TASK TO CARRY OUT » Leave out the pictures and transcribe the rest of the records exactly.
___ DATA FOR THIS EXERCISE ___
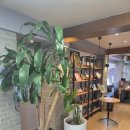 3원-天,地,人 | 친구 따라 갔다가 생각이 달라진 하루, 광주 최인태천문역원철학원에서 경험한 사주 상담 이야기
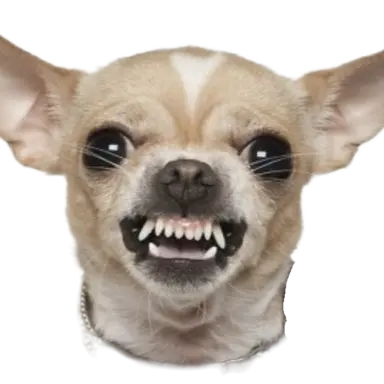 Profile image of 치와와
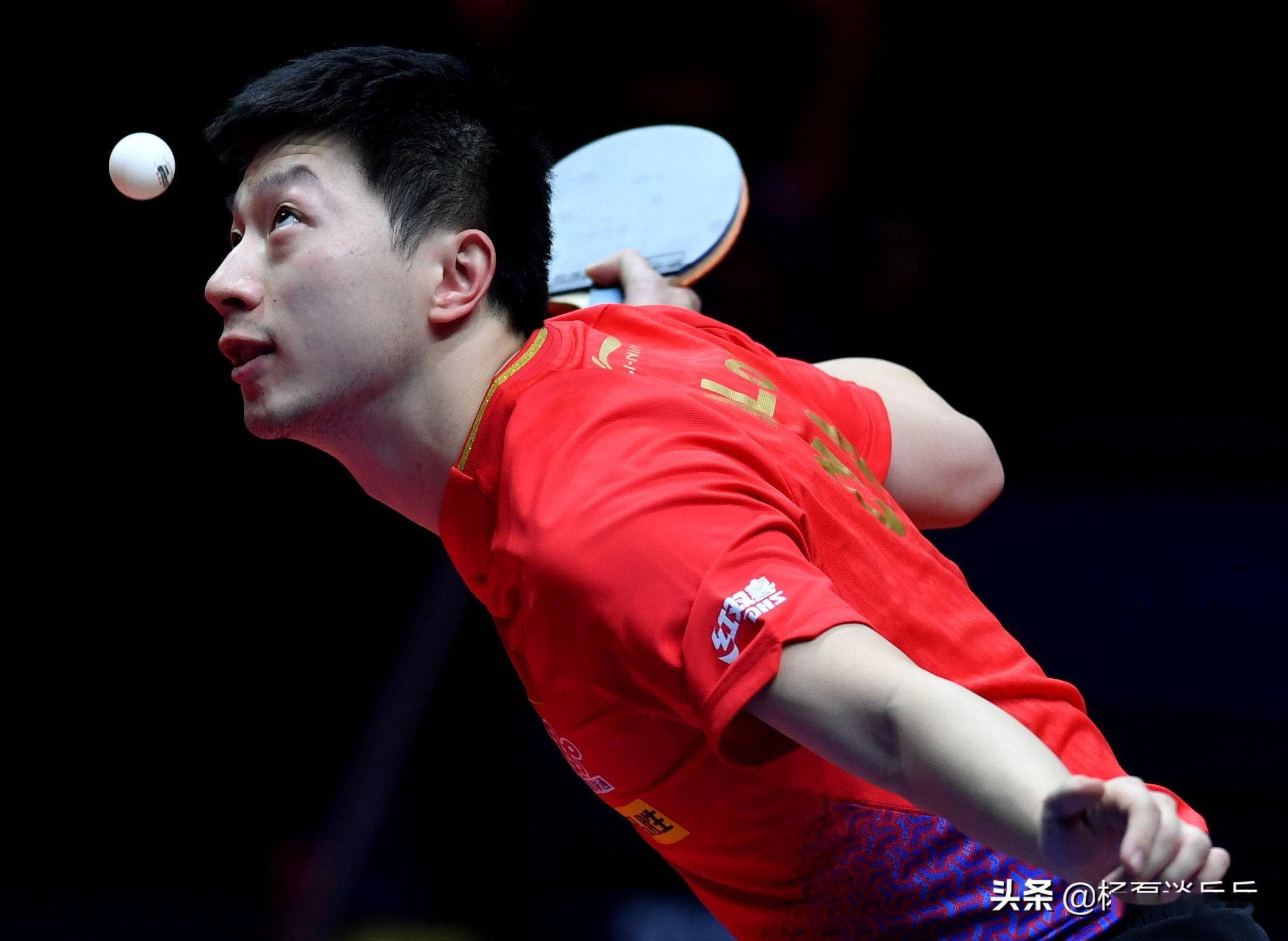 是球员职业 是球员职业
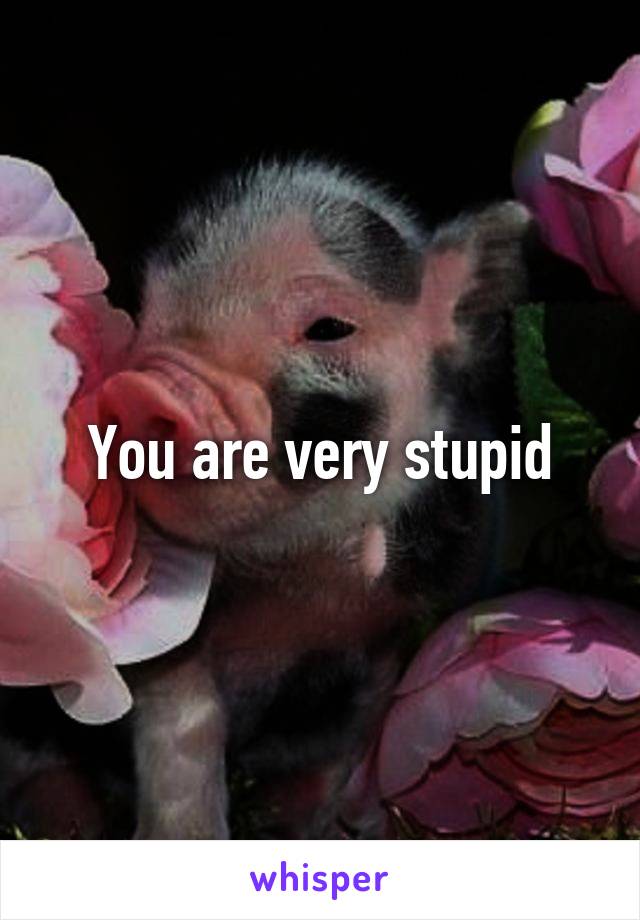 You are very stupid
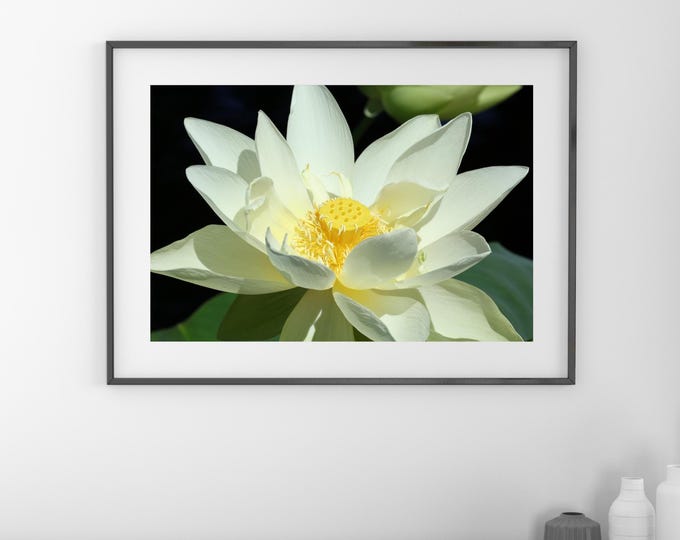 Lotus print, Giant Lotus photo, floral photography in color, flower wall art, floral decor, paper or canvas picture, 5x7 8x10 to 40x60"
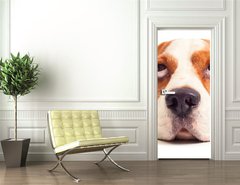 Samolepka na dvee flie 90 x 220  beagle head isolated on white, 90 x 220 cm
___
RESULT »
 3원-天,地,人 | 친구 따라 갔다가 생각이 달라진 하루, 광주 최인태천문역원철학원에서 경험한 사주 상담 이야기
 Profile image of 치와와
 是球员职业 是球员职业
 You are very stupid
 Lotus print, Giant Lotus photo, floral photography in color, flower wall art, floral decor, paper or canvas picture, 5x7 8x10 to 40x60"
 Samolepka na dvee flie 90 x 220  beagle head isolated on white, 90 x 220 cm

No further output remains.